Em nota publicada no último dia 13 de maio, a ASSIBGE afirma: “Qualquer proposta poderia ter sido cotejada em períodos já superados do planejamento do Censo. Resgatar esses pontos agora significa uma desestruturação completa deste planejamento e a inviabilização do Censo. Isso fere duramente os princípios fundamentais de estatísticas oficiais, a independência e a qualidade do trabalho, com as mudanças bruscas que estão querendo impor ao corpo técnico da casa”.

A mudança ainda indica que vai afetar o repasse do Fundo de Participação dos Municípios (FPM), feito pela União, cujo cálculo leva em consideração a quantidade de habitantes levantada pelo IBGE nas estimativas anuais, na contagem populacional e no censo demográfico.

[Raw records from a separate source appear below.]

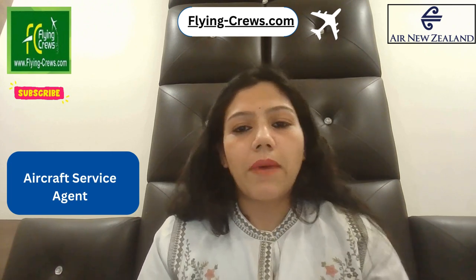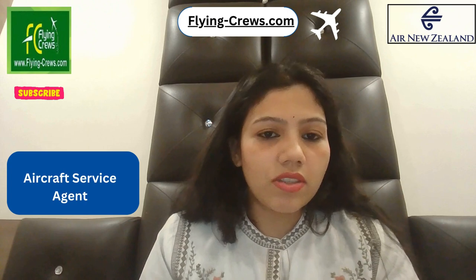If you would like to be considered for this position, please submit your expression of interest via the careers page of Air New Zealand. For more information, please subscribe to Flying Crew. Thank you.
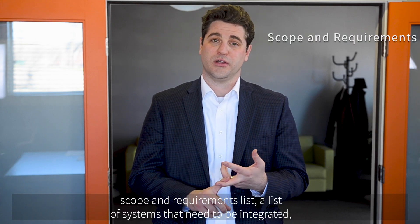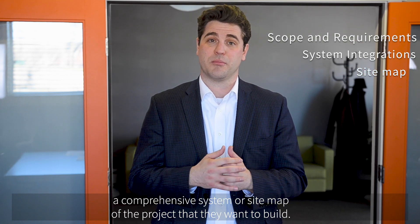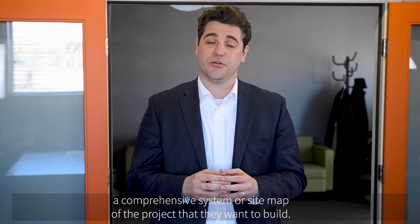Things like a scope and requirements list, a list of systems that need to be integrated, and a comprehensive system or site map of the project that they want to build.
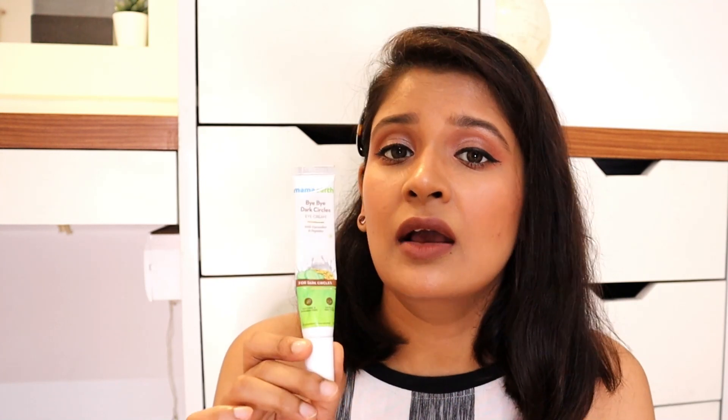Next is the Mamaearth Bye Bye Dark Circles cream. This is not a wonder product — it will not magically take away hereditary dark circles. But with consistent, regular use you can see a visible difference in how your dark circles appear. Highly recommend this one if you have dark circles.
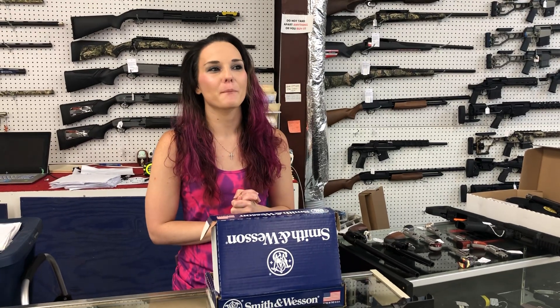Hey y'all, it's Amber from XL. Happy Thursday.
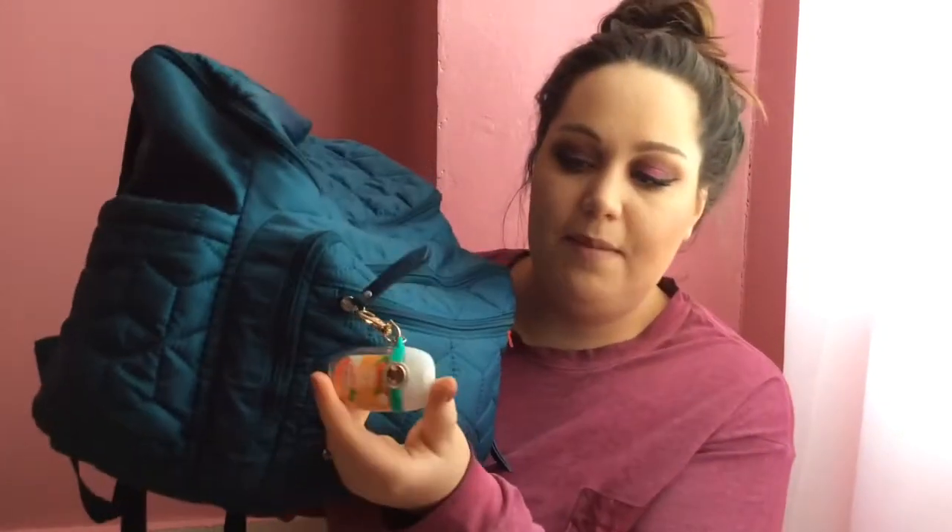There's a little pocket right here — and actually when I found this bag at the Goodwill outlet I found $13 in it! So I like to keep that $10 bill in this pocket just in case I ever go somewhere and forget my debit card or something happens where I need money. I always like to have that extra $10 in there.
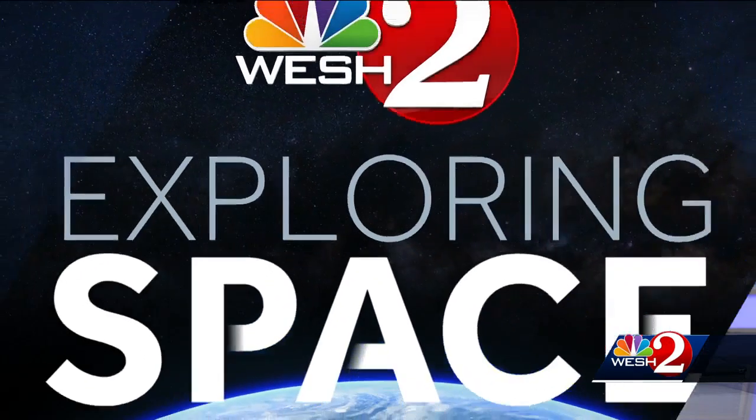A flawless inaugural launch of United Launch Alliance's Vulcan rocket from the Cape early this morning. But the lunar lander that it was carrying is now facing some major issues. WESH-2's Space Coast Bureau Chief Scott Heidler has been speaking with experts about a propulsion issue.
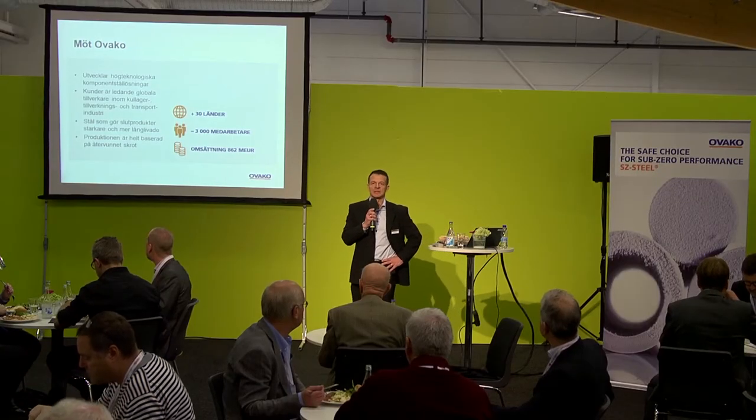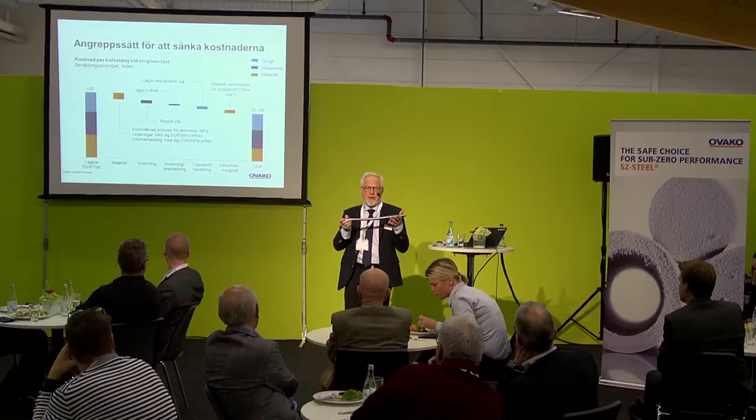I'm really happy and proud to represent Ovako in these seminars and product launches. Our lunch seminars have been fully packed for three years now, which I think is really amazing. I believe there are several reasons for that — we give them new attribute brands and technical information.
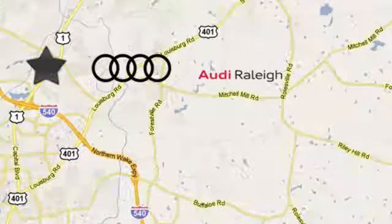For over 40 years, Leith has been the name to trust when buying a new or used vehicle. Audi Raleigh continues that tradition, one mile north of I-540 on Capitol Boulevard in Raleigh, North Carolina.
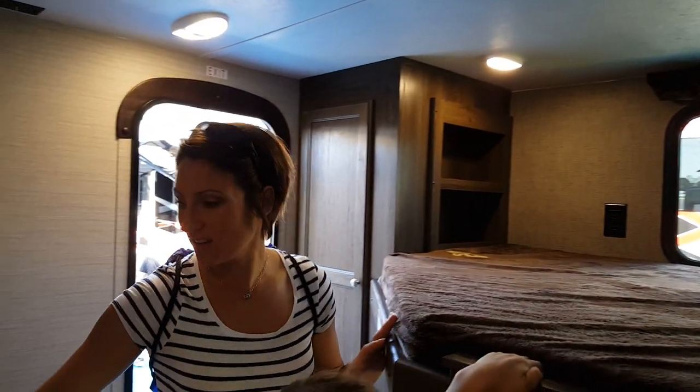My absolute favorite thing: a half bath. I haven't found a travel trailer with this much storage space — two bedroom, one and a half bath. It's awesome. And you can get to the bathroom from outside.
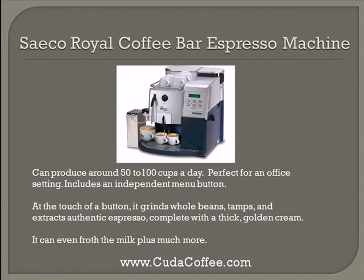The first one is the SIECO Royal Coffee Bar Espresso Machine. This machine can produce around 50 to 100 cups a day. It's perfect for an office setting, and it also includes an independent menu button. At the touch of a button, it grinds whole beans, tamps, and extracts authentic espresso, complete with a thick golden cream. It can even froth the milk, plus it does much more.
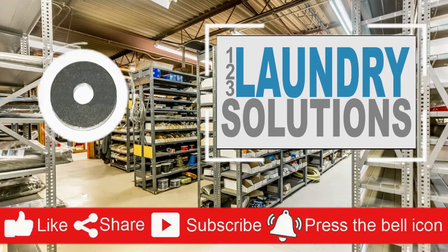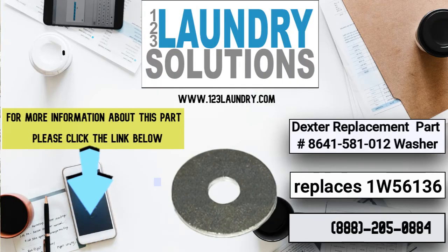Please like, share, and subscribe to get repair and manual videos, and click the notification bell to get more updates.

Audiências públicas e manifestações

Os servidores do IBGE ainda se defrontam com o anúncio do corte de 25% do orçamento do Instituto, o que agravará inda mais o reduzido número de servidores do Instituto e a verba destinada às pesquisas.

“Estamos fazendo uma série de ações para barrar tanto o corte orçamentário como a mudança no questionário do Censo. A última manifestação foi feita no dia 2 de maio, em frente à sede do IBGE, no Rio de Janeiro. A presidenta do IBGE, Susana Cordeiro Guerra, disse que só ia nos atender depois da nomeação de todos os diretores. Todos os dias mandamos mensagem cobrando que ela nos receba ”, afirma o dirigente da ASSIBGE, Luiz Almeida. Ele ainda diz que, além de manifestações, o Sindicato vem realizando uma série de audiências públicas na Câmara dos Deputados para denunciar os desmandos do governo Bolsonaro junto ao IBGE.

No calendário de ações, está programado para a próxima terça-feira (21), audiência pública na Comissão de Trabalho, Administração e Serviço Público (CTASP) da Câmara dos Deputados. O encontro, que pautará os riscos impostos ao Censo, será às 14h, no Plenário 10.

O Censo

A contagem oficial da população no Brasil é feita pelo Censo, realizado pelo Instituto Brasileiro de Geografia e Estatística (IBGE). Nesta pesquisa, são levantadas informações sobre a população do país e sua condição de vida. Qual o número de desempregados, quantas mulheres, quantas pessoas vivem na área urbana, qual a renda salarial dos brasileiros e várias outras questões são registradas. Ainda são coletadas informações que servirão de base para a criação de políticas públicas nas áreas de saúde, previdência social e educação da população, além de assistência a grupos específicos como mulheres, crianças, adolescentes e idosos.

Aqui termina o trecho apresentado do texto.